Yes I had noted your nickname for Mr. Cowell - how very apropos!
I don't necessarily disagree that Ten Empty is "a depressing film about depression" - I think depression is a huge topic for any filmmaker to tackle and - Scowl fan or no - I think he and Hayes did a good job of it.

I suppose my main point was how refreshing it was to see a Australian film that was a challenging story, not just a quirky crew of Aussie characters (cue: kangaroo).

Syms Covington said...

Don't get me wrong, I do like Brendan, but it's like he thinks that Mr Angry Face means artist cred. I'm pretty sure you can smile and still be an artist...

Something tells me that you haven't been seeing a lot of Aussie films, or maybe just a lot of same.

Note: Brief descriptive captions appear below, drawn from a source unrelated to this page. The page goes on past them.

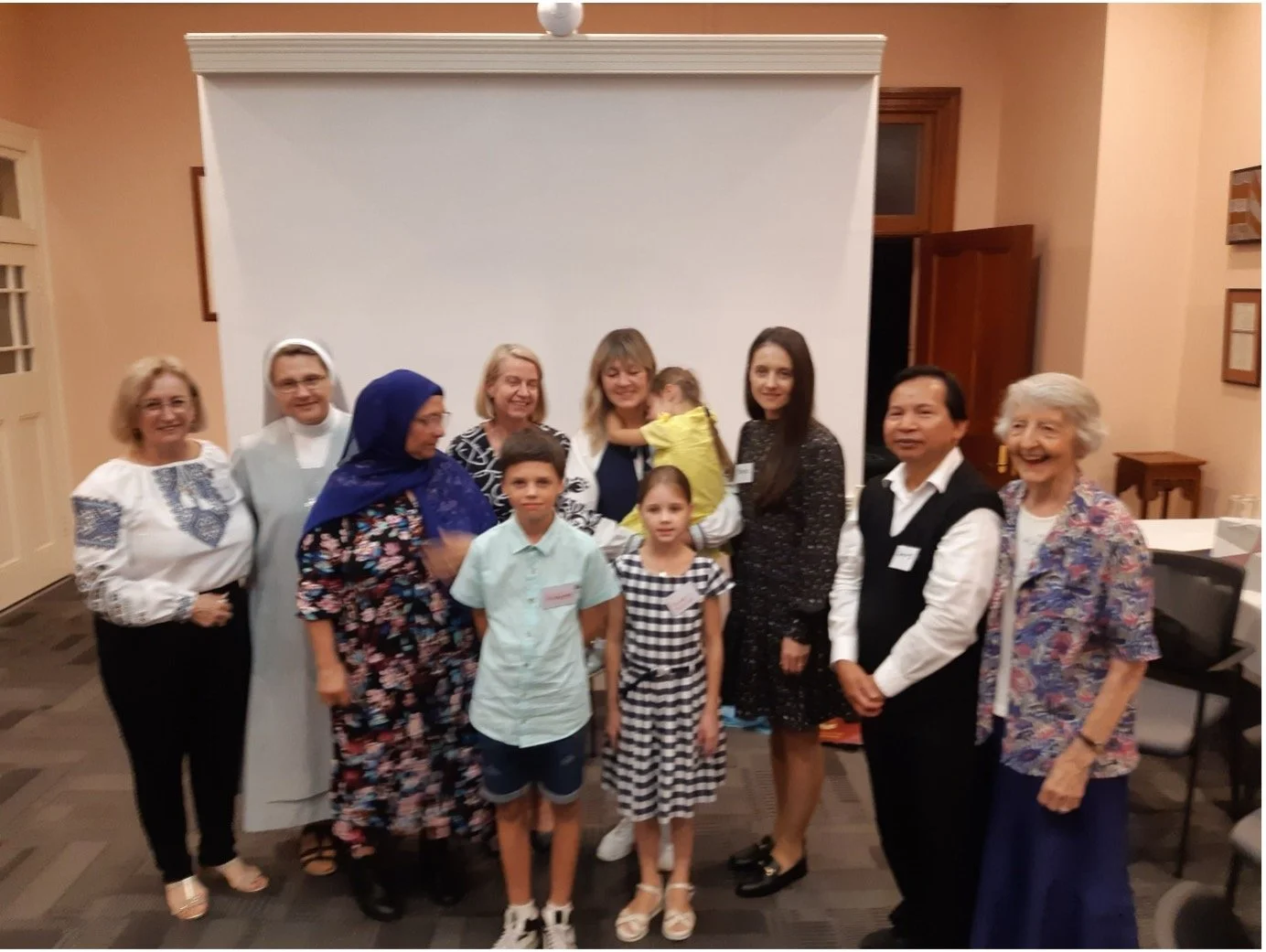 A group of people gathered in a room with a white backdrop, including children, women, and a nun, some smiling and posing for the photo.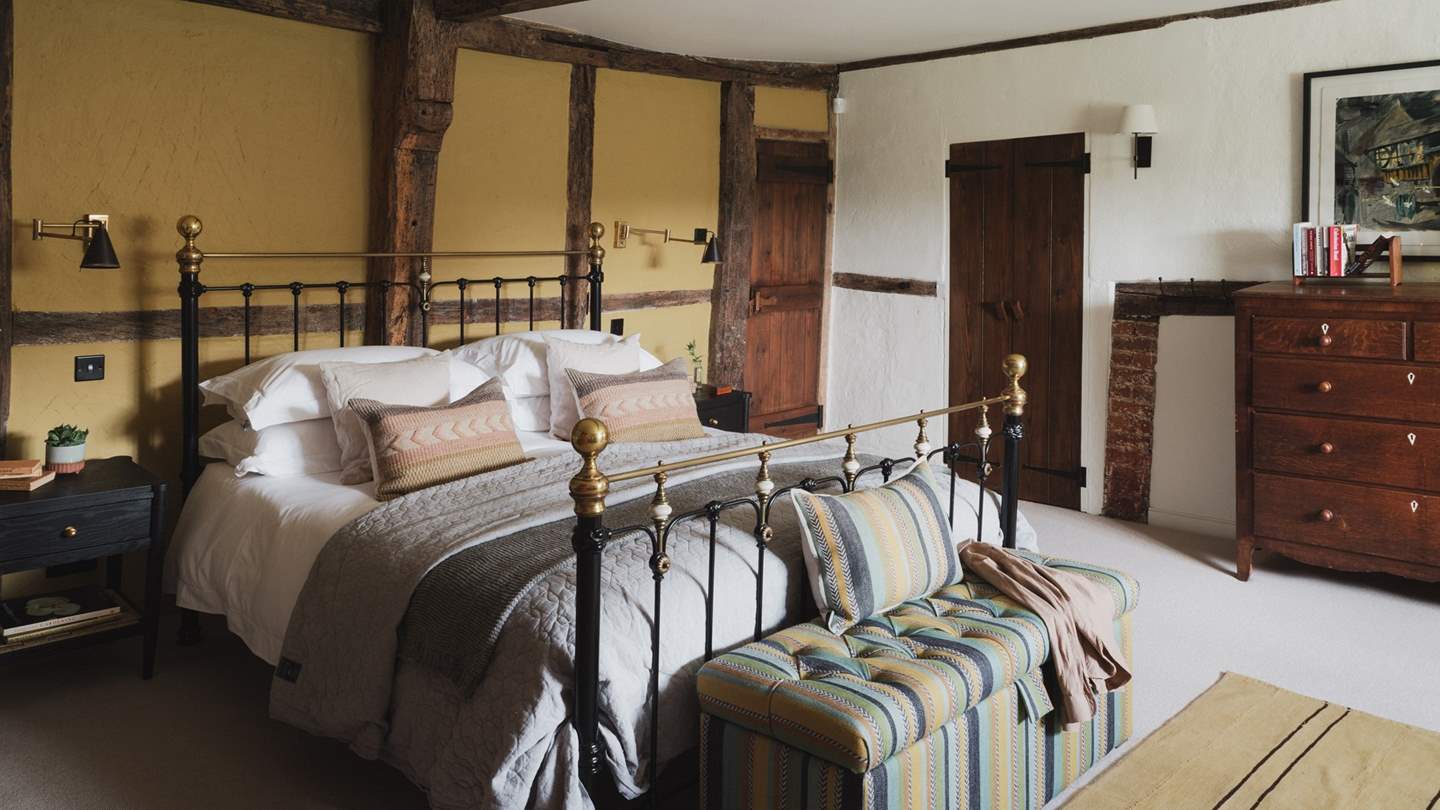 Uncover the first bedroom, home to a super king brass bed enswathed in soft linens
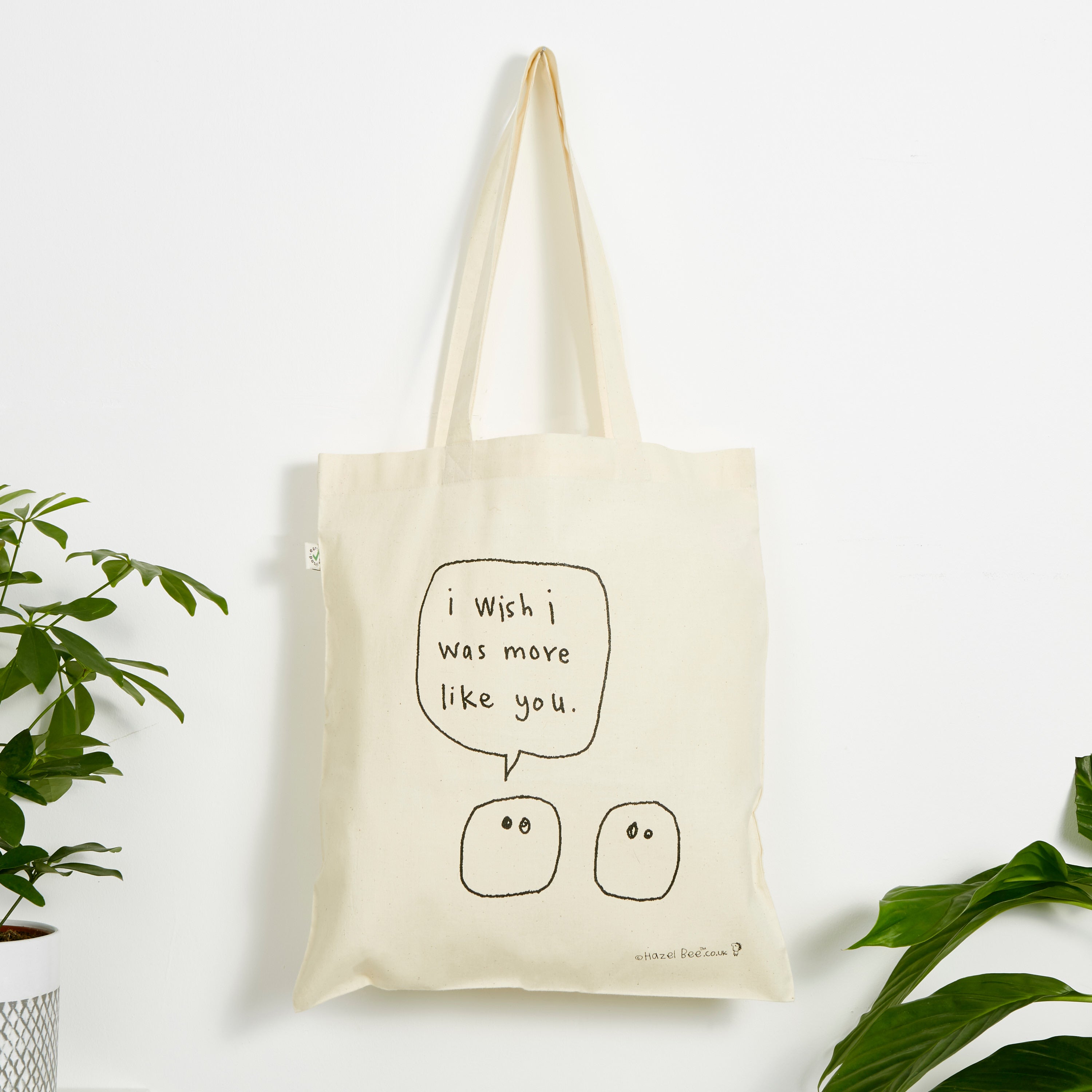 More Like You Blobs Bag made from organic cotton, featuring a hand-printed design in black ink on both sides, perfect for carrying various items.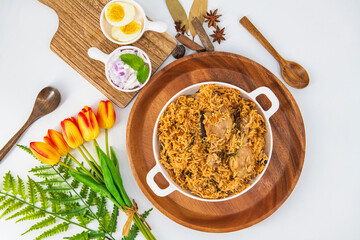 Chicken Biryani made with basmati rice and spices served in plate combined with chicken tandoori. Biryani Indian Asian rice meal. Chicken Dum Biryani made with basmati rice and spices 
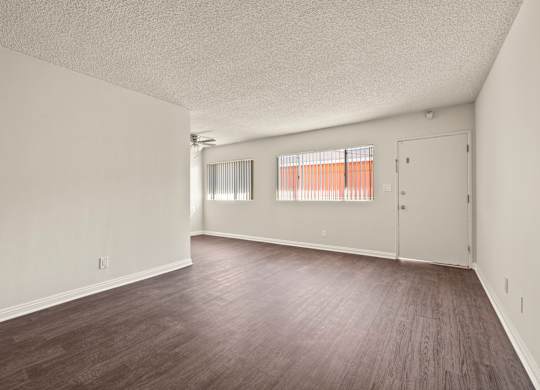 A room with wooden floors and white walls.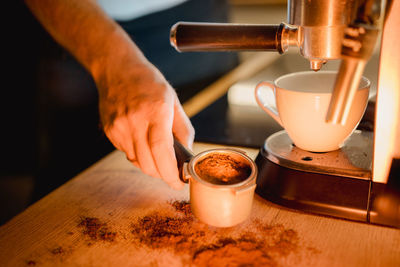 Cropped image of man holding coffee on table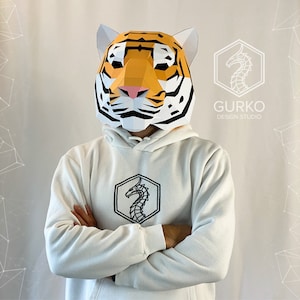 Può includere: Una persona indossa una felpa con cappuccio bianca con un logo di drago nero sul davanti. La persona indossa una maschera di tigre in cartapesta.
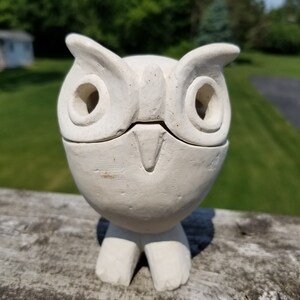 May include: White ceramic owl figurine with large eyes and a beak. The owl is standing on two feet.
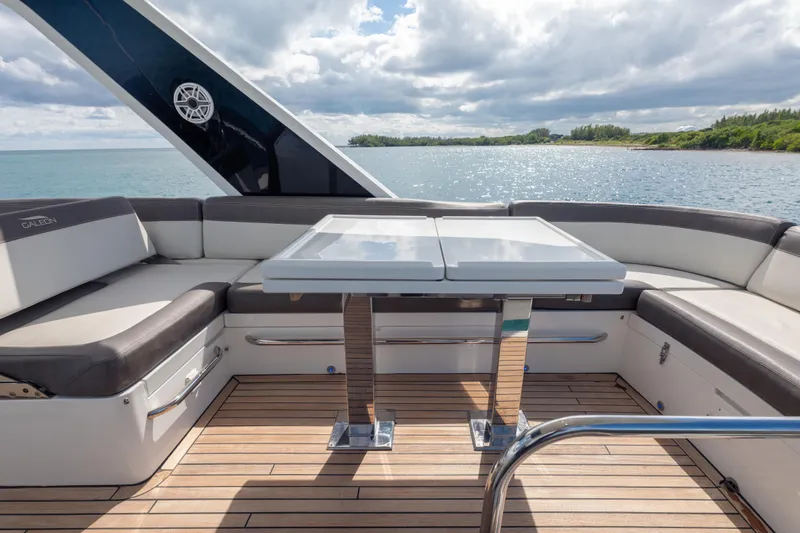 Infinity Yacht Photos Pics Luxurious 2020 Galeon 500 Fly yacht deck with seating and table, overlooking serene waters.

I would encourage you to watch (they'll be released soon enough) Men's Group, Bitter & Twisted, Three Blind Mice, Son of a Lion, and All My Friends Are Leaving Brisbane.

They are all indie films but of the standard that deserves big screen viewing (ie. shot digital with very decent post). And they pretty much beat all the government funded competition as best Australians films of the year.

Alice said...

Mr. Scowl is apparently an untrained actor, so perhaps he'll learn to smile eventually.

You're right, I've certainly been shirking my obligation to watch Australian films. I missed the screening of Three Blind Mice at the SFF, but made it to the afterparty! Thanks for the recommendations, I'll definitely check them out.

Syms Covington said...

Hmmm, who's been stalking whom?

I was at the Square Q&A at SFF and the Mice afterparty; IMO the best party of the whole fest, and one which mashed my brain.

That Square Q&A wasn't very big so maybe we know each other. Curiouser and curiouser.

Alice said...

Surely that's my line!

What a small world. Mice afterparty was a fun night. I was kicking with the SFF crew - there was a fair bit of brain mashing involved. I may or may not have gushed to Barry Otto that I loved him as Polonius.